A Washed Pig Returns to the Mire

A Washed Pig Returns to the Mire
Many Arminians point to 2 Peter 2:20–21 as proof that a true believer can lose their salvation:
“For if, after they have escaped the defilements of the world through the knowledge of our Lord and Savior Jesus Christ, they are again entangled in them and overcome, the last state has become worse for them than the first. For it would have been better for them never to have known the way of righteousness than after knowing it to turn back from the holy commandment delivered to them.”
But interestingly, they often stop short of quoting the very next verse:
“The dog returns to its own vomit, and the sow, after washing herself, returns to wallow in the mire.” (v.22)
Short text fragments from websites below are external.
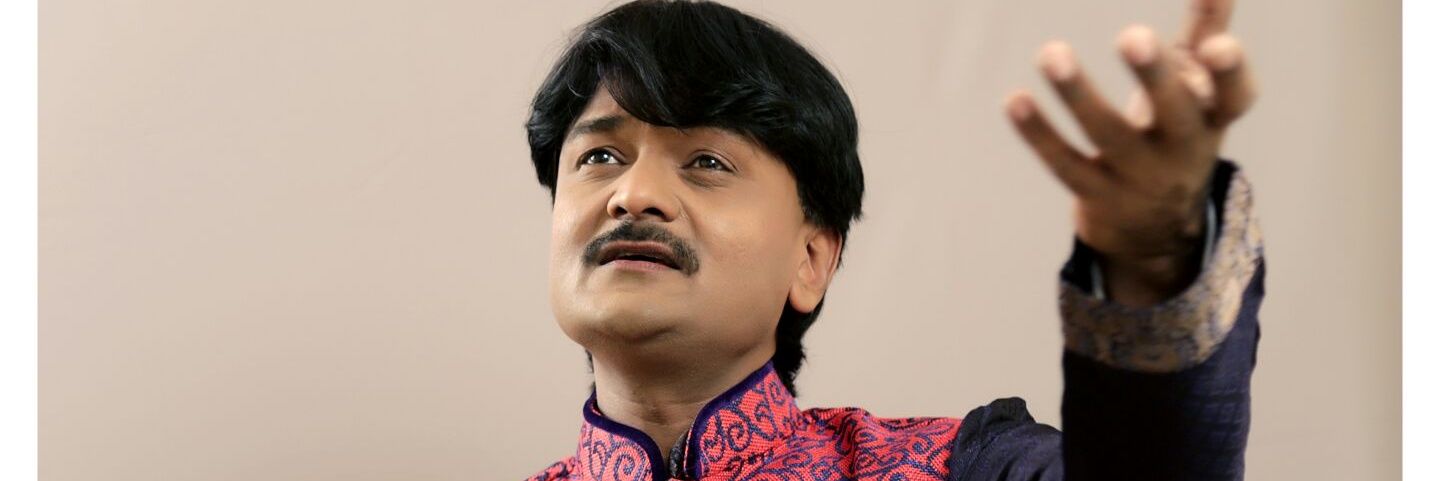 jayateerthataan's profile banner image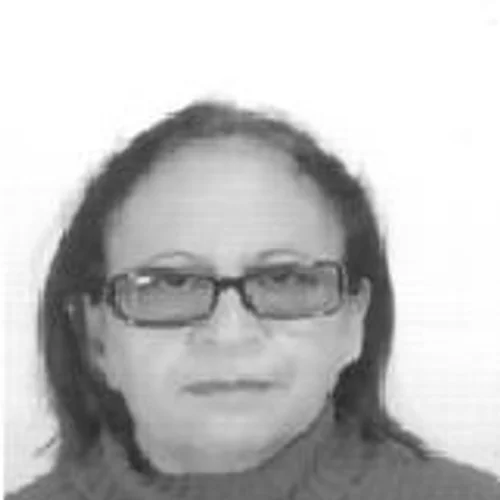Gracinha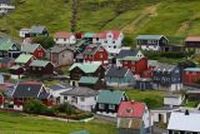 20130806_115255_Reise_Faeroerer_Inseln.JPG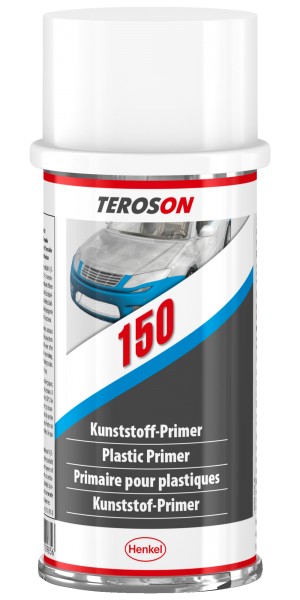 Kunstoff-Primer 150 Teroson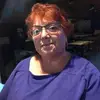 Karen Diggins768 - @karendiggins0 - TikTok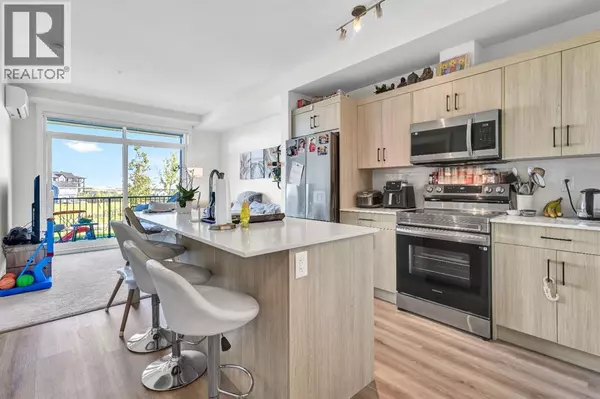 Calgary, AB t3r2e8,106, 50 Sage Hill  NW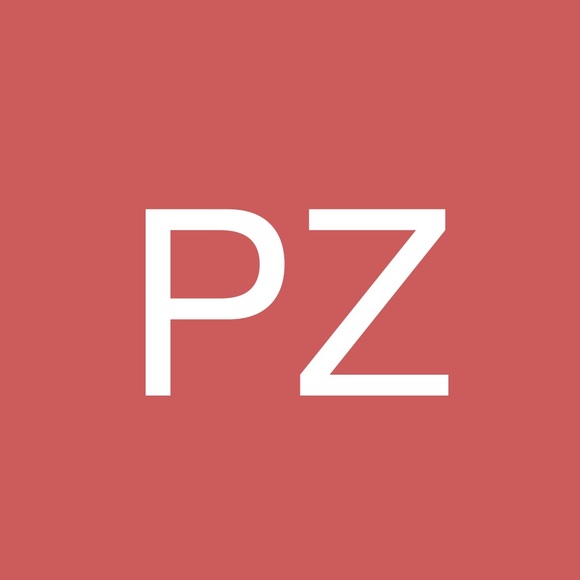 Profile Picture of Pieter Zion (@peterzion) on Poshmark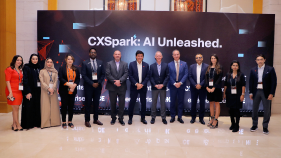 CX Spark gallery-6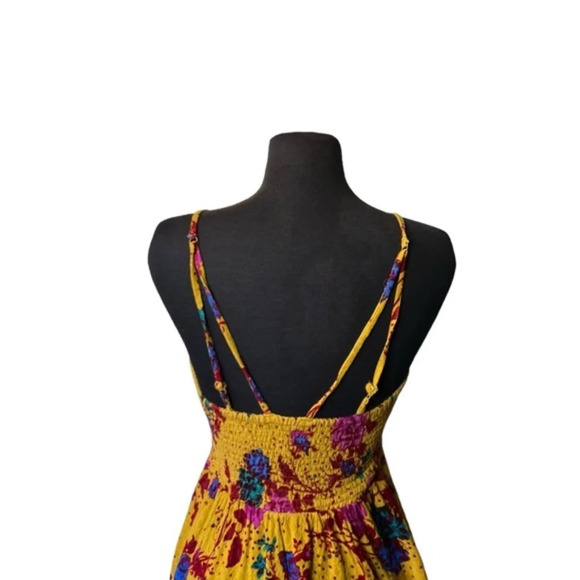 Free People Never Be Mine Slip size XS - Picture 5 of 12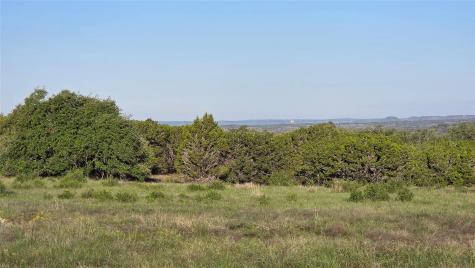 219 Canyon Road Johnson City TX 78636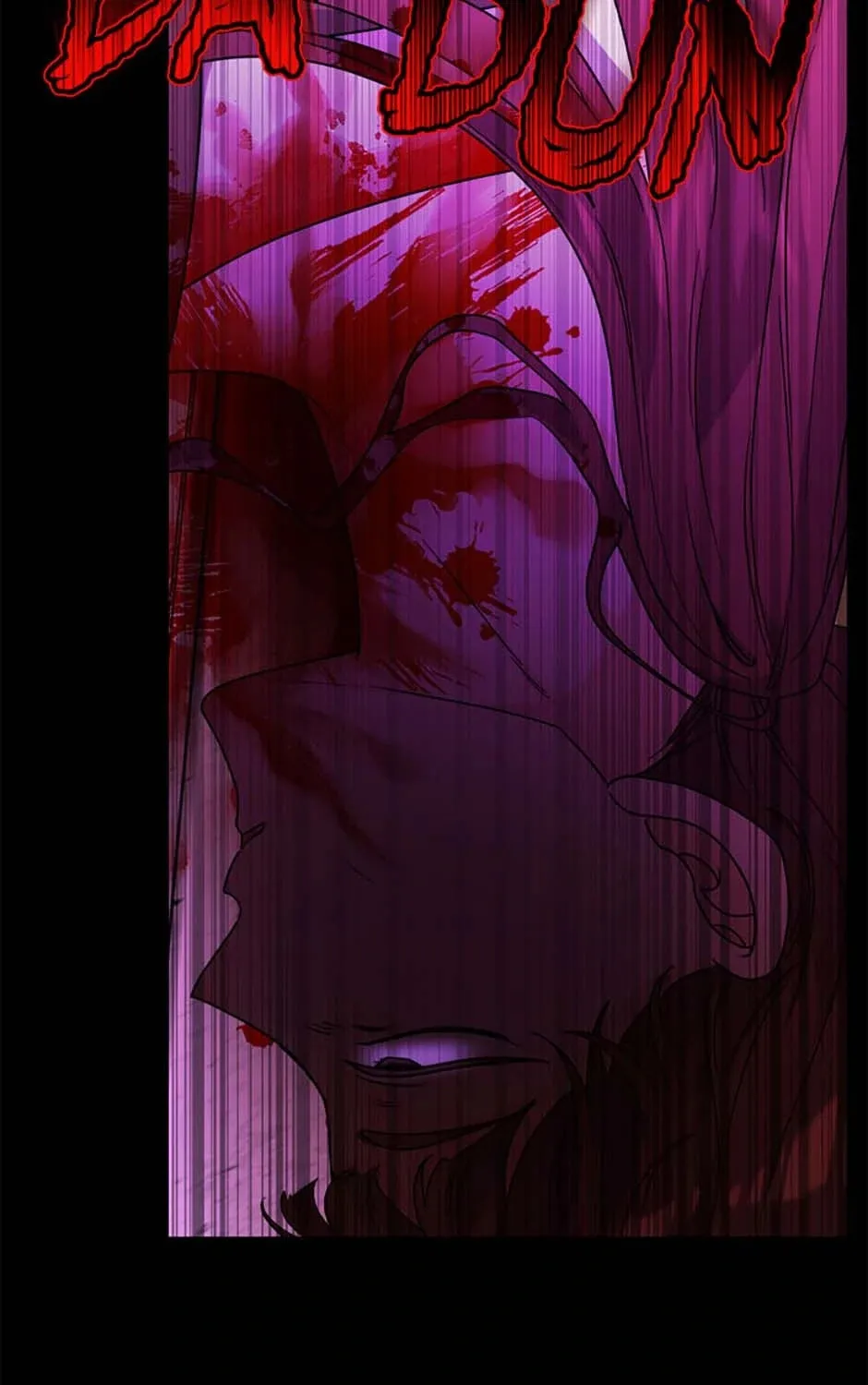 Hiding the Archduke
The point is unmistakable: these individuals were never transformed in nature. A dog may clean itself, but it remains a dog. A pig may be washed, but it is still a pig. These metaphors reinforce Peter’s central argument—they were never sheep. Their outward change was temporary and superficial, not the inward renewal of a regenerate heart.
It’s clear, then, that Peter is not speaking of true, born-again believers, but of false professors—those who had a surface-level association with Christ. They may have escaped certain outward sins and embraced some moral reform “through the knowledge of Christ,” but there is no indication they were sealed by the Spirit, born again, or truly united to Christ by saving faith.
If a truly regenerate person could fall away and be lost, then Christ’s ongoing intercession (Hebrews 7:25), the Spirit’s sealing (Ephesians 1:13), and the Father’s electing love (Romans 8:29–30) would all be rendered uncertain—dependent not on God’s grace, but on human effort. That’s not the gospel; that’s spiritual probation. Scripture teaches that those whom God saves, He keeps. As 1 Peter 1:5 declares, true believers are “kept by the power of God through faith,” not by their own ability to stay faithful apart from grace.